College of Arts & Sciences


A Physics and Astrophysics public talk and telescope observing session will take place at 8 p.m., Monday, Feb. 25, in 116 Witmer Hall on the University of North Dakota campus.

The talk "Pioneering: Preservation of Space Exploration through Emerging NASA STEM Initiatives" will be presented by the UND Frozen Fury Rocket Team (undergraduate students). Following the talk, attendees will be given the opportunity to observe the night sky through a telescope (weather permitting).

'Frozen Fury' rocket team:

The Frozen Fury Rocket Team has been accepted into NASA's Marshall Space Flight Center's Rocket Competition and is well on its way to a successful event. This year marks the sixth consecutive participation in the University Student Launch Initiative (USLI). The team hopes to continue to build upon their previous USLI experience to create the best rocket yet.

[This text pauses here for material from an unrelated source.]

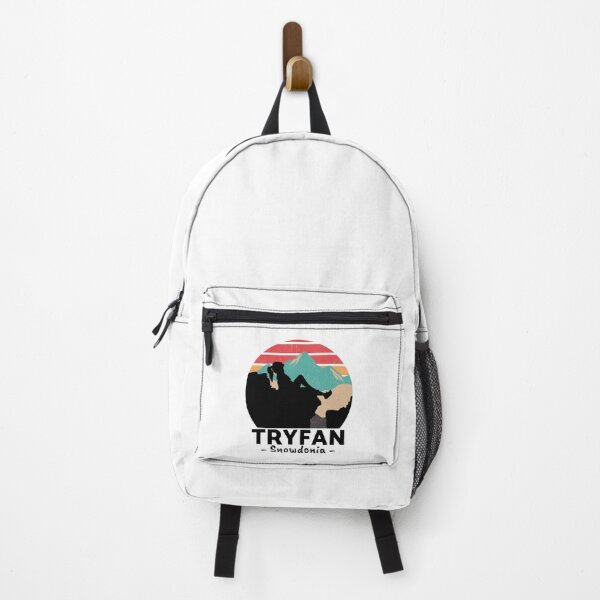 Item preview, Tryfan designed and sold by Sinovius.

NASA's University Student Launch Initiative, or USLI, is a competition that challenges university-level students to design, build and launch a reusable rocket with a scientific or engineering payload one mile above ground. The project engages students in scientific research and real-world engineering processes with NASA engineers.

Once selected, teams design their rockets and payloads throughout the academic year. USLI requires a NASA review of the teams' preliminary and critical designs. The project also requires flight and launch readiness reviews before the rockets and payloads are approved. Teams complete a Post-Launch Assessment Review to include conclusions from their science or engineering experiment and the overall flight performance. The Preliminary Design Review, Critical Design Review and Flight Readiness Review are conducted by a panel of scientists and engineers from NASA, NASA contactors and external partners.

The Frozen Fury rocket team has gotten plenty of experience building and flying rockets. After a successful flight of a half-scale model, the team is looking forward to building its full scale rocket (a 9-foot, 6 inch diameter rocket).